*PROBLEM DESCRIPTION*. Nothing in the listing should be altered when it is copied, and no picture goes into the copy.

*COLLECTED MATERIAL*.

____________________

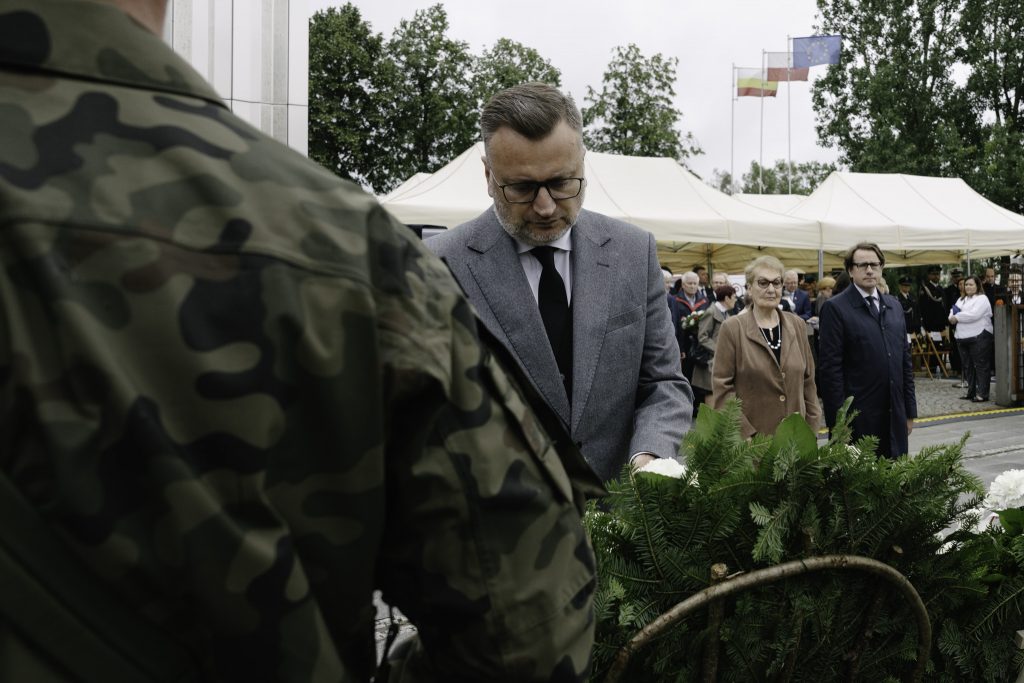 Złożenie wieńców pod pomnik Matki Sybiraczki w dniu 85. rocznicy deportacji na Sybir.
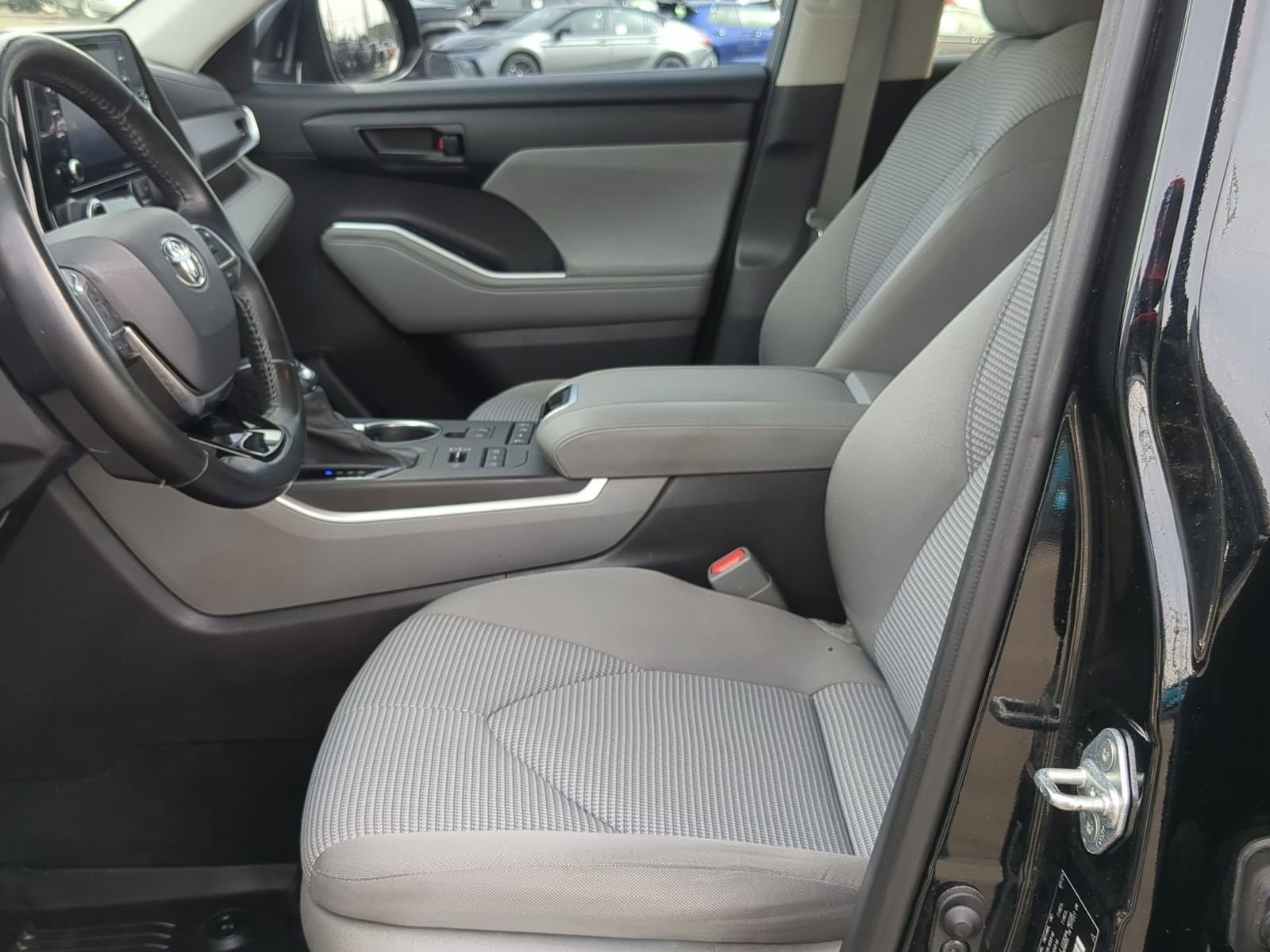 Thumbnail: 2021 Toyota Highlander - 23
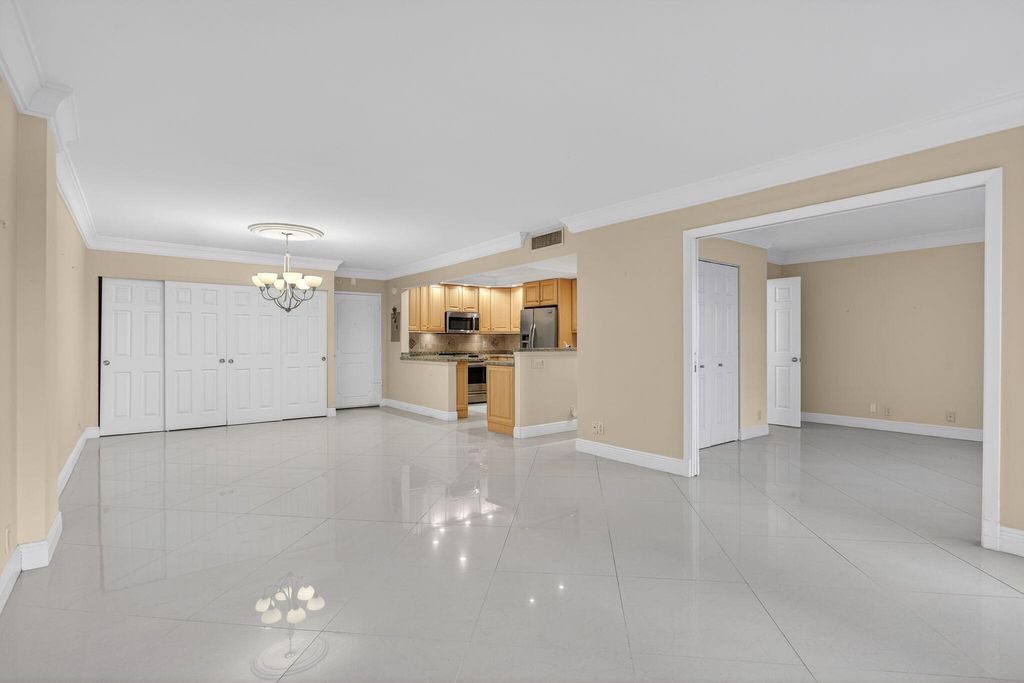 405 N Ocean Boulevard #208, photo 6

____________________

*COMPLETED TASK*.
 Złożenie wieńców pod pomnik Matki Sybiraczki w dniu 85. rocznicy deportacji na Sybir.
 Thumbnail: 2021 Toyota Highlander - 23
 405 N Ocean Boulevard #208, photo 6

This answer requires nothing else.